Our client's interest in the property was identical both before and after the transaction. Mr Dunn acquired an undivided half interest in the property (subject to the first charge) as a result of the transaction. Your client in his capacity as Mr Dunn's Trustee received £150,700.
£196,500 to be paid on or before 17th July 2011 and such sum will bear interest at the rate of 10% per annum from the date hereof to the date of actual payment.
The Lender has previously loaned money to the Borrower and both parties now wish to record in writing the terms of the loans previously made. The Lender agreed to provide the Borrower with a Loan under the terms of this agreement as set out in Schedule 1
3. The Judgment of DJ Morgan
The whole of the burden of the borrowing to discharge [the Trustee's] interest should be borne by the one person to receive no benefit (i.e. [Mrs Dunn]).
4. Common Ground
1. As noted above it was common ground that the effect of the 2009 transaction was that the Trustee's half share revested in Mr Dunn with the result that the property was then held by Mr and Mrs Dunn on trust for themselves as beneficial tenants in common in equal shares. It was also common ground that the purchase price for that half share was provided as a result of a joint loan to Mr and Mrs Dunn by the Lenders.

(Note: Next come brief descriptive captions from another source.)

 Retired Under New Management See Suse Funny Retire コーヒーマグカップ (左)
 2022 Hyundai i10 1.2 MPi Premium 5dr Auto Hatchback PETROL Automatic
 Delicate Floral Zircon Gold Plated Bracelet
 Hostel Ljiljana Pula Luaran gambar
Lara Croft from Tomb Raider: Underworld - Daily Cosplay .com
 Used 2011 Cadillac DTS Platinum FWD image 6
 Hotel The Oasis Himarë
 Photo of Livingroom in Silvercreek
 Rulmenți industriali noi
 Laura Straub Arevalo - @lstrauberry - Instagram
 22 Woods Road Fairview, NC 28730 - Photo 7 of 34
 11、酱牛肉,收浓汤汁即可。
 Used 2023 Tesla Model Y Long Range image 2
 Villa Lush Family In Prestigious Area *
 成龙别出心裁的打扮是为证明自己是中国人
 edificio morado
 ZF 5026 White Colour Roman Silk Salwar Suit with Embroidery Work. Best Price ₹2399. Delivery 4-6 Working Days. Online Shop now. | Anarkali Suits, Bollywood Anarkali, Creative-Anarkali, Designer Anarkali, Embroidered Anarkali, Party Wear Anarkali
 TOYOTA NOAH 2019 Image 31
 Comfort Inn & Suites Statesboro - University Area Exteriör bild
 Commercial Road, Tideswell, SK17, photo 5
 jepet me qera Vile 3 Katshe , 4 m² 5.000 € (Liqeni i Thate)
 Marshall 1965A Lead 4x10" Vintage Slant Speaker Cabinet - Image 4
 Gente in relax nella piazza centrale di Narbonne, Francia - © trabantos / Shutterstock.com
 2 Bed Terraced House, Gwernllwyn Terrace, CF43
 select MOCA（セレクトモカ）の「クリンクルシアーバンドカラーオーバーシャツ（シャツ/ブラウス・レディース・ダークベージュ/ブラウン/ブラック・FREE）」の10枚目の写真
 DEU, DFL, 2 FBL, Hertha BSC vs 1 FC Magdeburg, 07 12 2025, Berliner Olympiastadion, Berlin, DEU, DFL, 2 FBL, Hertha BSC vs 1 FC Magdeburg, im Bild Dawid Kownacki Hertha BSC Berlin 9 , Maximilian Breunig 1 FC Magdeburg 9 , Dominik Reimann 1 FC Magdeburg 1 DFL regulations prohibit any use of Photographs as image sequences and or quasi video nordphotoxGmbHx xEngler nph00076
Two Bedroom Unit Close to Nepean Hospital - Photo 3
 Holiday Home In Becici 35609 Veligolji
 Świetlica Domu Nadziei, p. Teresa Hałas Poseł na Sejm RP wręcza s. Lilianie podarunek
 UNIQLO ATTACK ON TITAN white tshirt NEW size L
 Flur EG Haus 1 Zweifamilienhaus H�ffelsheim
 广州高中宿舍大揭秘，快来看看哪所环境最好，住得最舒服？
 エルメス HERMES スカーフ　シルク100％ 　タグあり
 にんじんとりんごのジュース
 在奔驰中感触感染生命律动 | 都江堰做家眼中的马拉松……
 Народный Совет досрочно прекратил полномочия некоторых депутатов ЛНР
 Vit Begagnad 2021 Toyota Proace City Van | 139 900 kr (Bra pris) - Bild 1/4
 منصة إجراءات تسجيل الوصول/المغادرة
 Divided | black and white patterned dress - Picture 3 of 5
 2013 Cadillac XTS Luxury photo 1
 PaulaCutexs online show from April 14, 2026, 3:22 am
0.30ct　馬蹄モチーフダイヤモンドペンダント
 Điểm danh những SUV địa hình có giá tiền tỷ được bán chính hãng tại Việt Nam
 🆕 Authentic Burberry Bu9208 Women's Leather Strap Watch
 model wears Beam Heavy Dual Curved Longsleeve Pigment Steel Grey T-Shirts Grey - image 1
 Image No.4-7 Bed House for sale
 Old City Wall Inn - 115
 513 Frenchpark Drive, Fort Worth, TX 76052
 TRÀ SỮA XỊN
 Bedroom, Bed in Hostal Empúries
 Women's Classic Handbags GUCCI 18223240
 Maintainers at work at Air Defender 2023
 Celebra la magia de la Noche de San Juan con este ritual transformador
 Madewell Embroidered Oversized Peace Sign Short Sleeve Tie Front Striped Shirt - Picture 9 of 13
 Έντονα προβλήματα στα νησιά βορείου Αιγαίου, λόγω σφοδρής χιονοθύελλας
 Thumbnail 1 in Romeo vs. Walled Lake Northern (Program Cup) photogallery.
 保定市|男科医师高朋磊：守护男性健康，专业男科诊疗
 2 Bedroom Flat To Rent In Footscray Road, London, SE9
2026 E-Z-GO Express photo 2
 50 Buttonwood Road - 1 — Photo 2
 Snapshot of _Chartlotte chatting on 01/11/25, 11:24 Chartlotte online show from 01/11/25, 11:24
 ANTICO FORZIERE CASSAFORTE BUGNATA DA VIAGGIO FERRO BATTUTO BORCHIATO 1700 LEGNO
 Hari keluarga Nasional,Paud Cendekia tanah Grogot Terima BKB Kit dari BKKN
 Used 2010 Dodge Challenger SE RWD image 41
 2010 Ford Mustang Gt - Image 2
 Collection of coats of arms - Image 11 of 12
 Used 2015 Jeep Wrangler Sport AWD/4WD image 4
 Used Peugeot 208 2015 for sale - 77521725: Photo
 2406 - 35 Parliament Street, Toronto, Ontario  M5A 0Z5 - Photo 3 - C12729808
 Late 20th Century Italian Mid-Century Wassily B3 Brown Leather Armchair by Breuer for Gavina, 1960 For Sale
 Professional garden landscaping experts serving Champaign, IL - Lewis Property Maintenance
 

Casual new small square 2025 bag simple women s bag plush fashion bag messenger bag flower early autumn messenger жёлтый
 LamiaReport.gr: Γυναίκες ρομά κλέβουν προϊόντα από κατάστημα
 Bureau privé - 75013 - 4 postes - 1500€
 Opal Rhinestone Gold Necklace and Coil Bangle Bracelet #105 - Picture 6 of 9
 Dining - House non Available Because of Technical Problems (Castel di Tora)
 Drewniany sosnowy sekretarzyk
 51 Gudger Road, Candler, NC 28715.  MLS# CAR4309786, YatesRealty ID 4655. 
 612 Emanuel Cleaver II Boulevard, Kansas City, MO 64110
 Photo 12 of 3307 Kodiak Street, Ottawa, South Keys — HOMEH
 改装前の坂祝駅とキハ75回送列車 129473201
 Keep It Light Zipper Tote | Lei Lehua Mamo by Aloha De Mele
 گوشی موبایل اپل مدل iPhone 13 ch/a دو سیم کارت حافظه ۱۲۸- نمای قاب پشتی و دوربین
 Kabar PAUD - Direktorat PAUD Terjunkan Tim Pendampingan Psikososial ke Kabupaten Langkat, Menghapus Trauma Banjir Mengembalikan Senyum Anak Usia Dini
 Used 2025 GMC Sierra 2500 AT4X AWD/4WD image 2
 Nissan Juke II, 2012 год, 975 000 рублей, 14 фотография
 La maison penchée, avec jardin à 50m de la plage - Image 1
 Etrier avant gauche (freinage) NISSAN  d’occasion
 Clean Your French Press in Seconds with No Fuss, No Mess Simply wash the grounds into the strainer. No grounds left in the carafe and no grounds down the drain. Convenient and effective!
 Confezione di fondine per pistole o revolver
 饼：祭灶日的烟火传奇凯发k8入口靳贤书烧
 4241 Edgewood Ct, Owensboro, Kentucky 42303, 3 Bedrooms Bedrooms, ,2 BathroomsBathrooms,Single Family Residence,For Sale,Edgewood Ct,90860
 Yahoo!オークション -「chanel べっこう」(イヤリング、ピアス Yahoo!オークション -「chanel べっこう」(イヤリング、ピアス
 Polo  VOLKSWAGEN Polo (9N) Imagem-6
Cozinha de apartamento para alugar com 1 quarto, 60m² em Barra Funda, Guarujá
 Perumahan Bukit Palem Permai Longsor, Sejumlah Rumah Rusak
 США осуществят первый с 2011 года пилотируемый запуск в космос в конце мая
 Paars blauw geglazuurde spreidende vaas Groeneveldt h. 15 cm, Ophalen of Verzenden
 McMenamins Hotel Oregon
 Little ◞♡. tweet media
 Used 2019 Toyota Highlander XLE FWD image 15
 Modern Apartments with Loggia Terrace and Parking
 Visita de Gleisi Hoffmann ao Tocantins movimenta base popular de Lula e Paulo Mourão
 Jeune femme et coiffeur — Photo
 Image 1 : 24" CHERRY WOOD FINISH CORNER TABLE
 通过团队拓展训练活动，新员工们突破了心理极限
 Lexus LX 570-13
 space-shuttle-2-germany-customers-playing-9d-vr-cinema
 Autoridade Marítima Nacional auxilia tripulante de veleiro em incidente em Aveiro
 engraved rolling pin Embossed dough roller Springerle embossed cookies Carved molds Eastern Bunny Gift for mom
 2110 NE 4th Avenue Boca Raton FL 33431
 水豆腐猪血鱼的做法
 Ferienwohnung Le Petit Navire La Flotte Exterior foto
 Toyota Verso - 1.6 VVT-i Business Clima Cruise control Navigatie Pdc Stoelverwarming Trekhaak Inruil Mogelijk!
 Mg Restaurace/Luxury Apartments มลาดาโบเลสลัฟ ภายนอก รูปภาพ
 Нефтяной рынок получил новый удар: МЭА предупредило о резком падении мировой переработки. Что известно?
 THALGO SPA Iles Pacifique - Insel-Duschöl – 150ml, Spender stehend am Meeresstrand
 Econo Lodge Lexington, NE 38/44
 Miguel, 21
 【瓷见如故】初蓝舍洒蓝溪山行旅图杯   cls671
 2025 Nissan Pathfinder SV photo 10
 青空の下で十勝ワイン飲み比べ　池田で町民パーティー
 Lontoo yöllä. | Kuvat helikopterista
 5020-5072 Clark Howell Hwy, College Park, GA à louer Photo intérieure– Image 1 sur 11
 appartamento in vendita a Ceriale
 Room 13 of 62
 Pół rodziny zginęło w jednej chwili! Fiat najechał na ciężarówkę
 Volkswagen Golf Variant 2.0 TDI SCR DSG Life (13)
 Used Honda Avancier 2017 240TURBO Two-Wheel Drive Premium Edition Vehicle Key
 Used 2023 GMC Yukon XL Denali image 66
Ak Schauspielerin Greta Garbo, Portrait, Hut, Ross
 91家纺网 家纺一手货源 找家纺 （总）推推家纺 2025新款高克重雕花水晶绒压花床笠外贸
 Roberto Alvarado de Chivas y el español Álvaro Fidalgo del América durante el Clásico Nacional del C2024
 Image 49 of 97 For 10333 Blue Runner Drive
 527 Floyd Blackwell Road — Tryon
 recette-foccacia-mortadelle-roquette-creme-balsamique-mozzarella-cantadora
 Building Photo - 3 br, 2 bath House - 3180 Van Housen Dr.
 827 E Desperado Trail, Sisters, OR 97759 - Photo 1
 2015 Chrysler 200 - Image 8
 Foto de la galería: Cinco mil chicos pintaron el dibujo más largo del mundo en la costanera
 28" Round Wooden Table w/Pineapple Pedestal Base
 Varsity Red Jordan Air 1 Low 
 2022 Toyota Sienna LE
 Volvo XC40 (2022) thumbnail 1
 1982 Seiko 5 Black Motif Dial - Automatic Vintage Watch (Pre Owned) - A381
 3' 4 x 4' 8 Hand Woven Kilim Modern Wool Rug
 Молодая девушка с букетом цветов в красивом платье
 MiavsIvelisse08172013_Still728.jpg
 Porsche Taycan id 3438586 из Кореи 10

2. It was common ground that the legal charge executed by Mr and Mrs Dunn on 17th January 2011 was caught by the provisions of s 284 of the 1986 Act in that it was a disposition of property made after the presentation of the second bankruptcy petition. It was accordingly void unless ratified by the Court. There was no suggestion that such ratification should be made.
3. It was also common ground that the legal charge dated 17th January 2011 was effective to create an equitable charge of Mrs Dunn's beneficial half share of the property in favour of the Lenders in respect of the whole of the outstanding debt. I was referred in particular to the decision of Judge Pelling QC in Bateman v Hyde [2009] BPIR 737 who in paragraph 13 had referred to Thames Guarantee v Campbell [1985] 1 QB 210. I respectfully agree with the views of Judge Pelling QC on this point.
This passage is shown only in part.